L'exposé des motifs du présent projet de loi parle d'un
" examen concerté du dossier entre le président de la CCA et
le président du directoire du fonds ".
Le texte ne précise toutefois pas ce qui se passe si
l'appréciation du président du directoire diverge de celle de la
CCA, ou de celle du Conseil de surveillance, représentatif des milieux
professionnels, sur la situation de l'entreprise et sur la
nécessité de recourir au fonds. Il peut être utile
d'instituer une procédure d'arbitrage qui donne le dernier mot au
ministre chargé de l'économie.
Votre commission vous proposera
un amendement en ce sens.
2. La procédure de transfert du portefeuille
La CCA lance ensuite un
appel d'offres en vue du transfert du portefeuille
de contrats
de l'entreprise défaillante.
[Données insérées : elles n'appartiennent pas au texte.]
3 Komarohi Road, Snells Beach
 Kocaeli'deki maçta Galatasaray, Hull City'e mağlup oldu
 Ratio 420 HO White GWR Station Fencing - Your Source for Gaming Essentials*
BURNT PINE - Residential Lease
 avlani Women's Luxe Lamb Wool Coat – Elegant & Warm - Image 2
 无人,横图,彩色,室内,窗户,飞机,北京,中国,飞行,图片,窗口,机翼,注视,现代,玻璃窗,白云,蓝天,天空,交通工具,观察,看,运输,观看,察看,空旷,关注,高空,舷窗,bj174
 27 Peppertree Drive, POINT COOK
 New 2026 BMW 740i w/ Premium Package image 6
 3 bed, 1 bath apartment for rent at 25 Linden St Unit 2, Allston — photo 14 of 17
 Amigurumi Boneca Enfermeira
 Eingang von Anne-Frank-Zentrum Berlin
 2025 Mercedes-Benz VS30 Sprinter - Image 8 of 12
Le texte précise que
l'appel d'offres est effectué
" dans les conditions
prévues au 6° de l'article L. 310-18 "
du code
des assurances. Toutefois, le 6° de l'article L. 310-18 ne comportant
aucune disposition de nature à éclairer les conditions dans
lesquelles doit s'opérer l'appel d'offres, votre commission vous
proposera de supprimer cette référence.
Selon les explications fournies par le gouvernement dans l'exposé des
motifs du présent projet de loi, ce transfert doit s'effectuer au profit
d'une institution agréée (y compris communautaire) pour
réaliser des opérations d'assurances et relevant
indifféremment du code des assurances, du code de la
sécurité sociale, du code rural ou du code de la mutualité.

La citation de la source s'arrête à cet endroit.